Die Verwalterin, ehemalige Schwiegercousine, kam Gott sei Dank ein paar Minuten zu spät und so wurde ich tatsächlich fertig. Sie hatte den Malermeister mitgebracht für die Begutachtung der Arbeiten.
O-o. Man erinnere sich. Meine Stucco- und Putz-Übungen. Der Maler musterte die Wände und meinte: „Hm, was ist denn da los, da sind überall Absätze.“ Ich hyperventilierte, klimperte aber dann mit den Wimpern: „Ja verstehe ich auch nicht, das sah so aus, als ich die Tapete runterriß!“ Die Schwiegercousine: „Ja, das macht man doch auch nicht!“ und zum Malermeister: „Da kommt dann Raufaser drauf!“
Janeeisklar. Wir hatten schon immer beträchtliche Geschmacksunterschiede.
Aber keine halbe Stunde später hatte ich den Ablaßschein in der Hand und schaukelte dann mit dem vollgepackten gräflichen Auto in Richtung Osten, wo mir der beste Freund dankenswerter Weise seit Jahren einen Lagerraum zur Verfügung stellt.

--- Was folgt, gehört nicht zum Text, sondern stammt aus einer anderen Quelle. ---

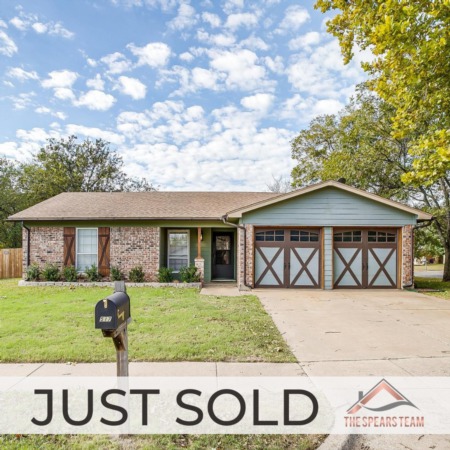 SOLD in Burleson, TX!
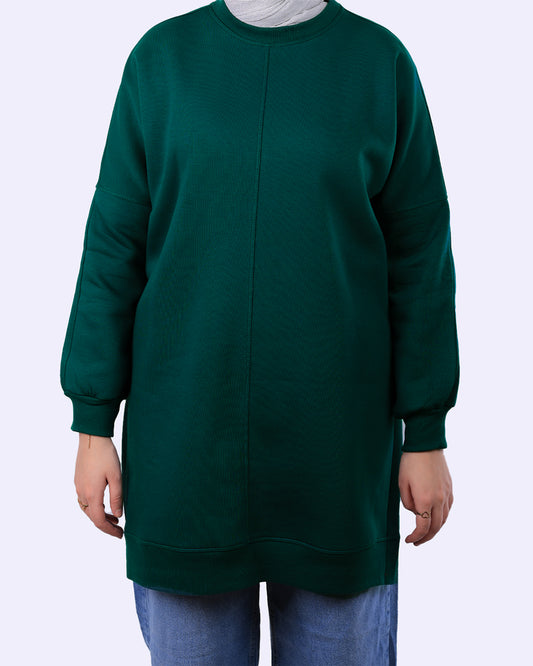 line Oversize Sweatshirt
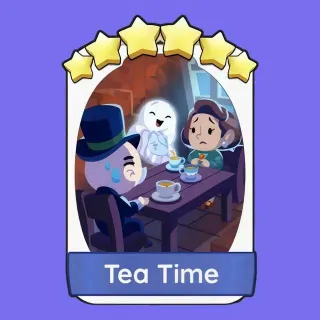 Tea Time Monopoly Go!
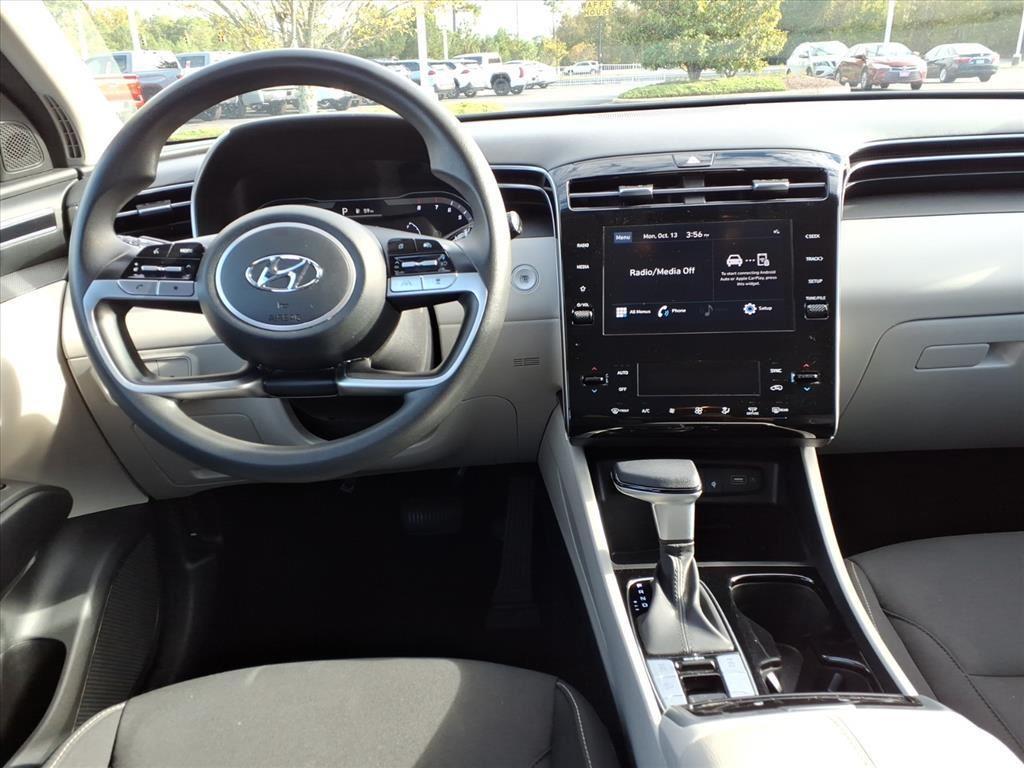 used 2024 Hyundai Tucson car, priced at $22,760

Wir luden die Sachen aus und gingen hinterher in die auf seinen Gemarkungen ansässige Mehrzweckgaststätte, in der Menschen zu Küchenhilfen und Köchen umgeschult werden. Es gab Weißkohlauflauf. Das klingt vegetarisch, ist es aber nicht, schließlich befinden wir uns im tiefsten konservativen Osten. Das Verhältnis Kohl-Hackfleisch betrug ca, 1:1 und dann kam noch fett Käse drauf.

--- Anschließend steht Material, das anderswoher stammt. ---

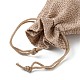 Burlap Packing Pouches Drawstring Bags&nbsp;ABAG-Q050-7x9-01-3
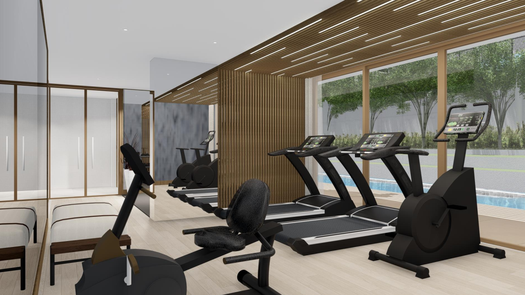 Фото 1 of the Communal Gym at The Ozone Condominium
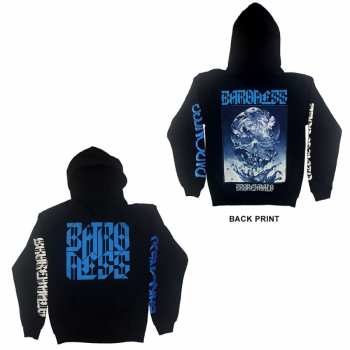 Merch Baroness: Mikina Broken Halo  S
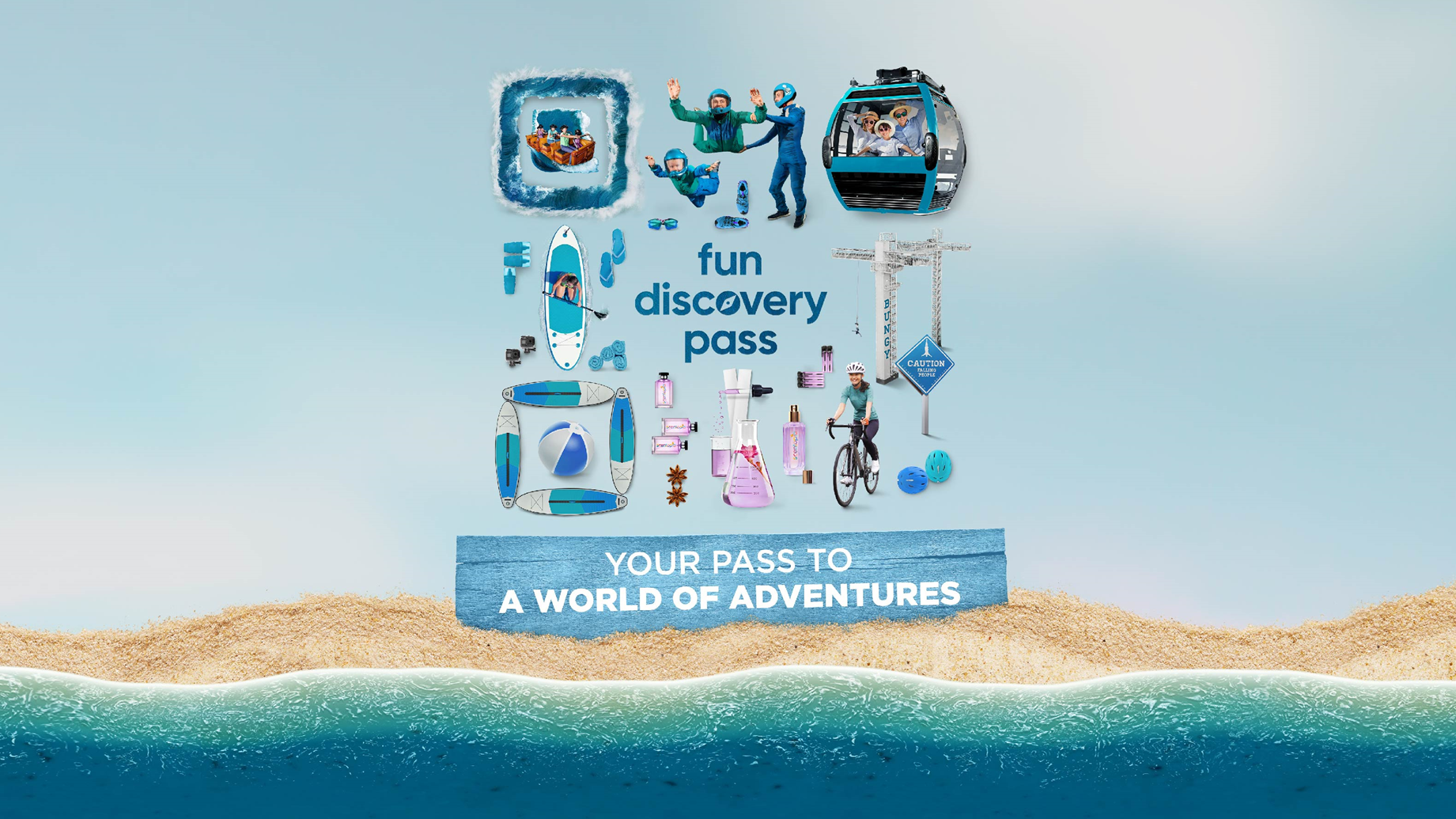 Fun Discovery Pass | Sentosa Island Fun Discovery Pass & Ticket Price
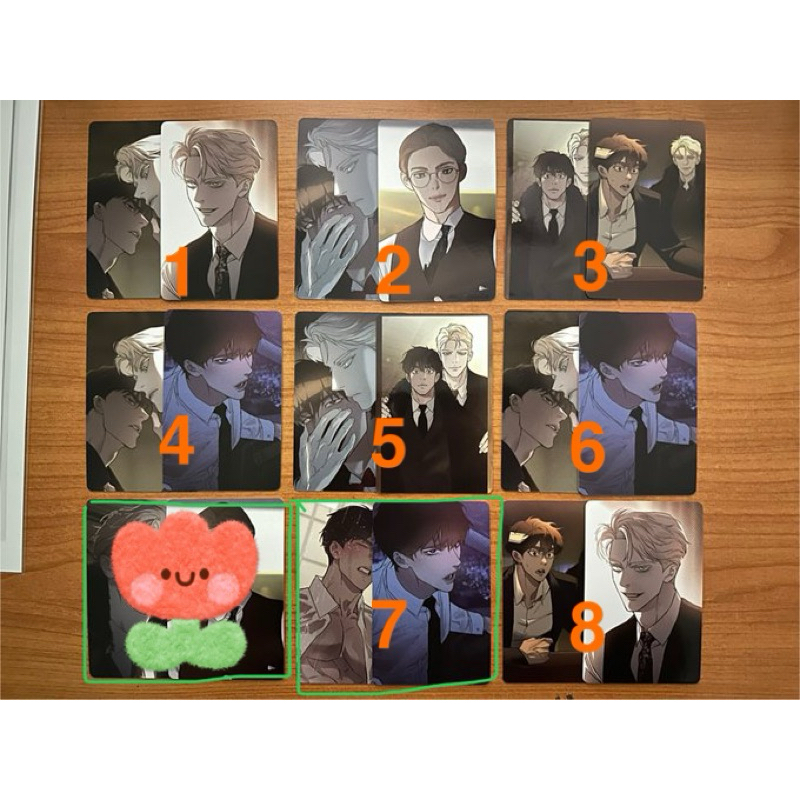 Codename Anastasia โฟโต้การ์ด Official Photocard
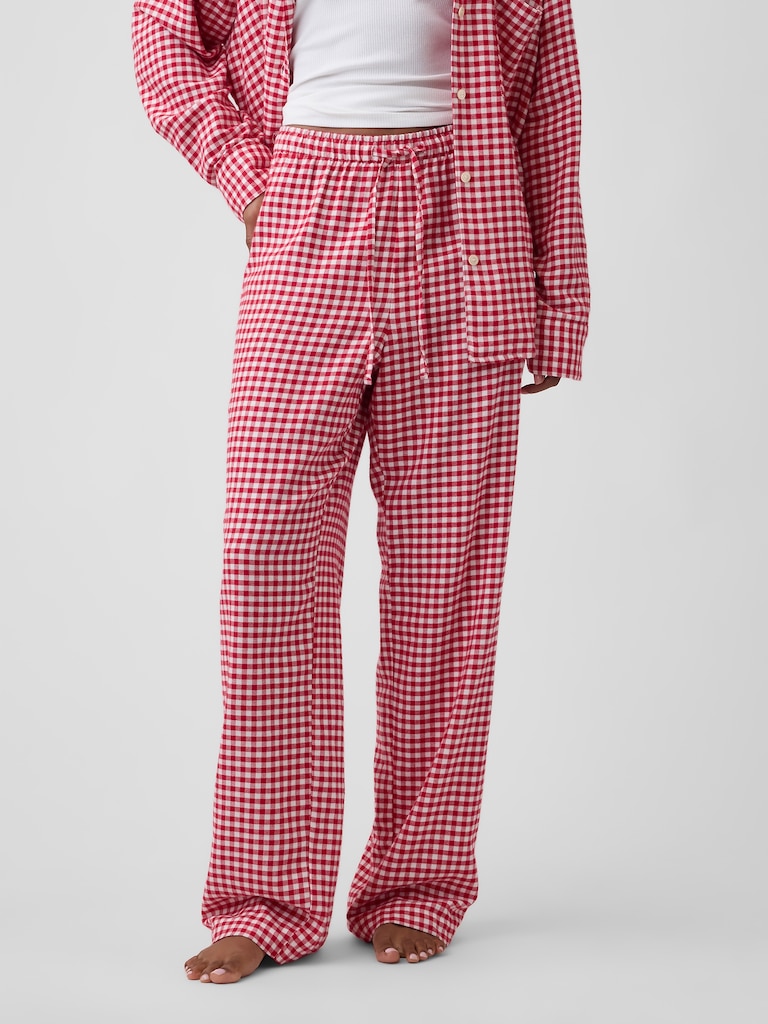 Flannel PJ Pants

Immer wieder frappierend, daß 30 km von Berlin, an der S-Bahn-Endhaltestelle, eine völlig andere Welt existiert. Die junge  Frauen sehen entweder aus wie Cindy aus Marzahn oder billige Daniela-Katzenberger-Klone (das will was heißen!) und schieben meistens einen Kinderwagen. Ansonsten ist eine Armada von Rollatorsurfern beiderlei Geschlechts unterwegs. Man wird ausschließlich mit Jungefrau! angesprochen und der Umgangston zwischen Kunden und Verkäufern im Supermarkt ist beherzt-ruppig. (BTW. Es gibt noch ein Pfandflaschenhäuschen, in dem am Freitag nachmittag 4 Leute beschäftigt waren. Die sind scheinbar billiger als zwei Pfandautomaten. Dazu empfehle ich den liebenswürdigen tschechischen Film Pfandflaschen.)

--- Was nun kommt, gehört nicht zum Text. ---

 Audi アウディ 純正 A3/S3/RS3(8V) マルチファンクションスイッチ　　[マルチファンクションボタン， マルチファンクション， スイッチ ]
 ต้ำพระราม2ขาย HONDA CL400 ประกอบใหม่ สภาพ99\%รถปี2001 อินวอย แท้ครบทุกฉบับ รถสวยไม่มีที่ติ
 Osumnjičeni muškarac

Wenn man mag, daß die Menschen einem im öffentlichen Raum sehr nahe rücken, in der Kassenschlange meist so, daß man ihren Atem im Nacken spüren kann und es immer mal zufälligen Körperkontakt gibt und sich auf die rau-aber herzliche Art einläßt, dann sie sie sehr hilfsbereit, ohne darüber nachzudenken, was es ihnen für einen Vorteil bringen könnte. Manchmal brauche ich dieses Kontrastprogramm.

Nach Mitte zurückgekehrt, spielte eine Jazzband auf der Straße und im Café an der Ecke wurde Englisch, Französisch, Italienisch und manchmal auch Deutsch gesprochen. (Und immer häufiger auch ein Idiom, das scheinbar Hebräisch mit jiddischen Vokabeln ist, das ich garnicht kenne.)

Der Abend verging mit einem wissenschaftlich-technischen Disput, ob meine Waschmaschine, die bei leichter Unwucht in der Beladung mitunter die Dielen recht zum Schwingen bringt, damit langfristig Zerstörungen  am Haus auslösen würde. Und das, obwohl austariert auf einer Gummimatte steht. Weiß da jemand Bescheid?